Statut dérogatoire ?

Afin de concrétiser cette Europe des capitaux, il faudra tout de même éviter quelques obstacles et tenir compte de diverses réalités. Le résultat défavorable du référendum britannique sur le maintien dans l’Union européenne du Royaume-Uni n’est pas le moindre de ces écueils. La City plaide en faveur de l'Union des marchés des capitaux. Mais de facto, le Brexit l’exclut du jeu même si c’est à Londres qu’est traité le plus gros des transactions financières en euro. Ce pays obtiendra-t-il un statut dérogatoire comme à l’issue de l’élaboration de la régulation bancaire dans l’UE ? À moins qu’il ne soit tenté de conclure des accords bilatéraux avec les États-Unis, la Chine, l’Inde, etc., sur la promesse d’un accès à sa super place financière, antichambre de ce grand marché ? Reste aussi à espérer que le successeur de Lord Hill, démissionnaire le 25 juin dernier, fera preuve du même entregent. Reste enfin à ne pas rééditer certains pêchés de jeunesse qui ont compromis la mise en place et le développement de la monnaie unique : la superposition d’un projet économique ambitieux à l’échelle du Vieux Continent sur des espaces nationaux encore trop disparates tant du point de vue fiscal que politique.
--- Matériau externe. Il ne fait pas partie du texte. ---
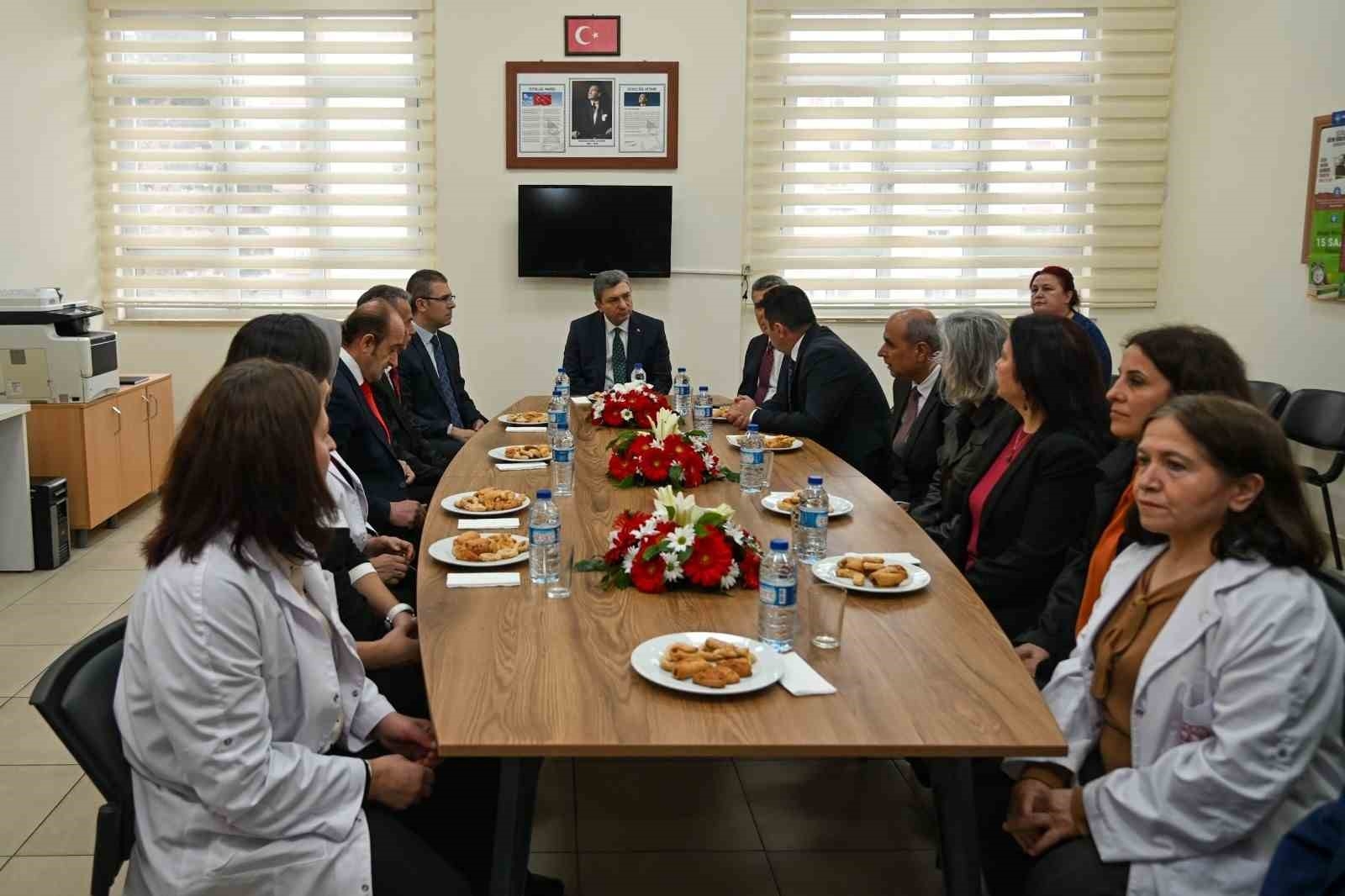 Vali Şahin karne heyecanına ortak oldu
Car, s’agissant de la familiarisation des entreprises de l’Union européenne avec les financements disponibles sur les marchés financiers, le contraste est saisissant entre d’une part les sociétés allemandes, néerlandaises, italiennes ou même françaises, lesquelles n’hésitent plus à émettre des obligations ou des titres hybrides pour financer leur développement et celles d’Europe centrale et orientale, ou de la péninsule Ibérique, dont les financements demeurent majoritairement corrélés aux crédits bancaires classiques.

L'Union des marchés des capitaux a presque tout pour plaire au secteur : un surcroît de flexibilité à disposition des assureurs pour gérer leurs risques et un accès au marché financier fluidifié tant pour les entreprises que pour les ménages. Reste à exaucer un vœu de toute la profession : que cette marche vers le supermarché financier européen ouvre aussi les yeux des régulateurs sur la somme abyssale de contraintes que les normes et réglementations prudentielles font peser sur les bilans des institutions financières. Et donc sur leur capacité future à irriguer l’économie.